> **REQUIREMENT**
Leaving out the images, please reproduce each line below exactly.

> **SOURCE MATERIAL**
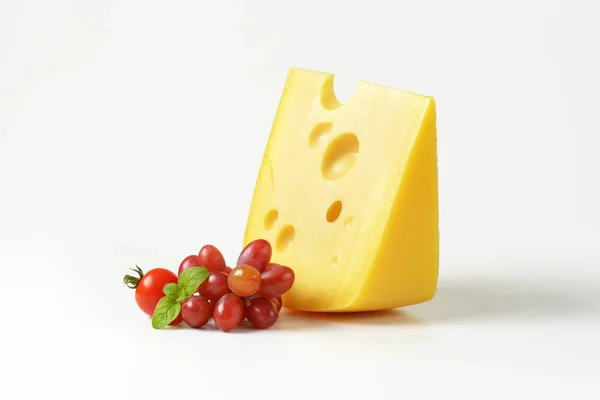 Swiss cheese with red grapes — Stock Photo, Image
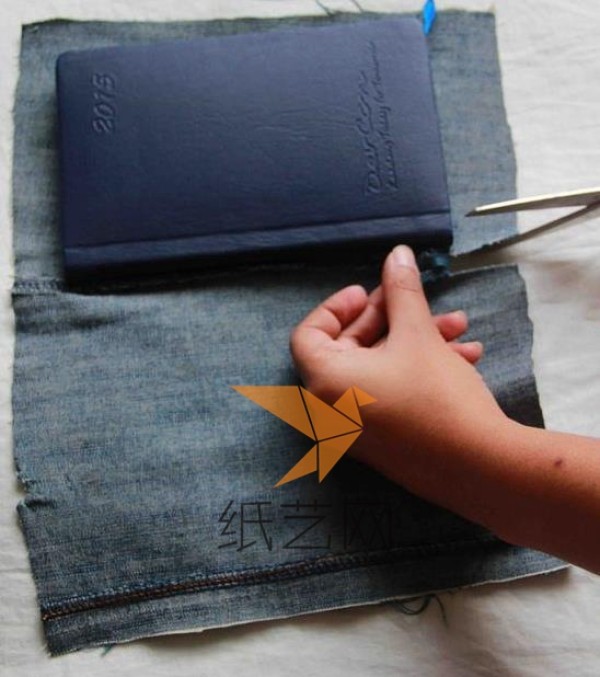 DIY tutorial on using old jeans to make textured book covers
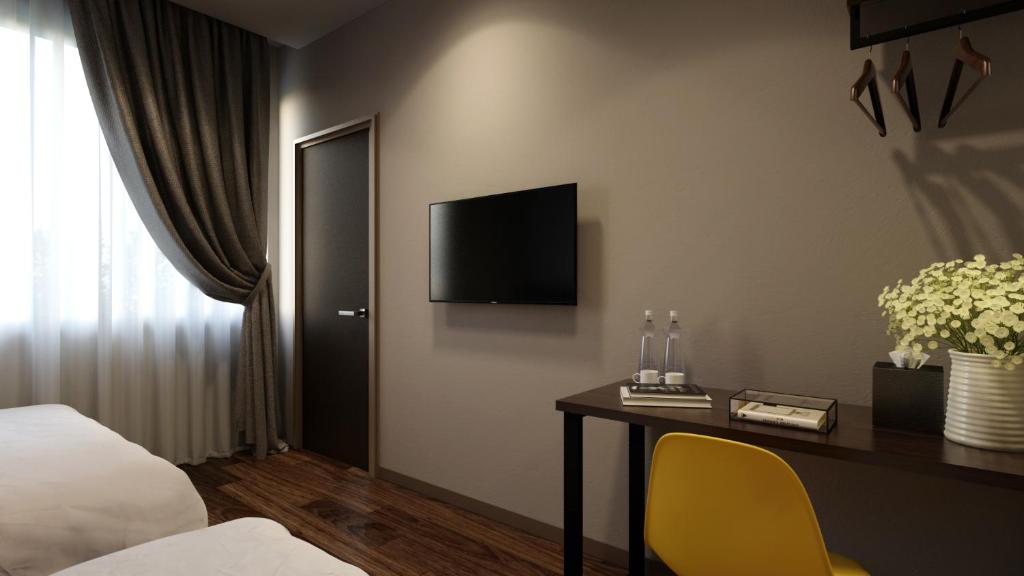 TV a/nebo společenská místnost v ubytování The Square Hotel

> **OUTPUT OF THE EXERCISE**
 Swiss cheese with red grapes — Stock Photo, Image
 DIY tutorial on using old jeans to make textured book covers
 TV a/nebo společenská místnost v ubytování The Square Hotel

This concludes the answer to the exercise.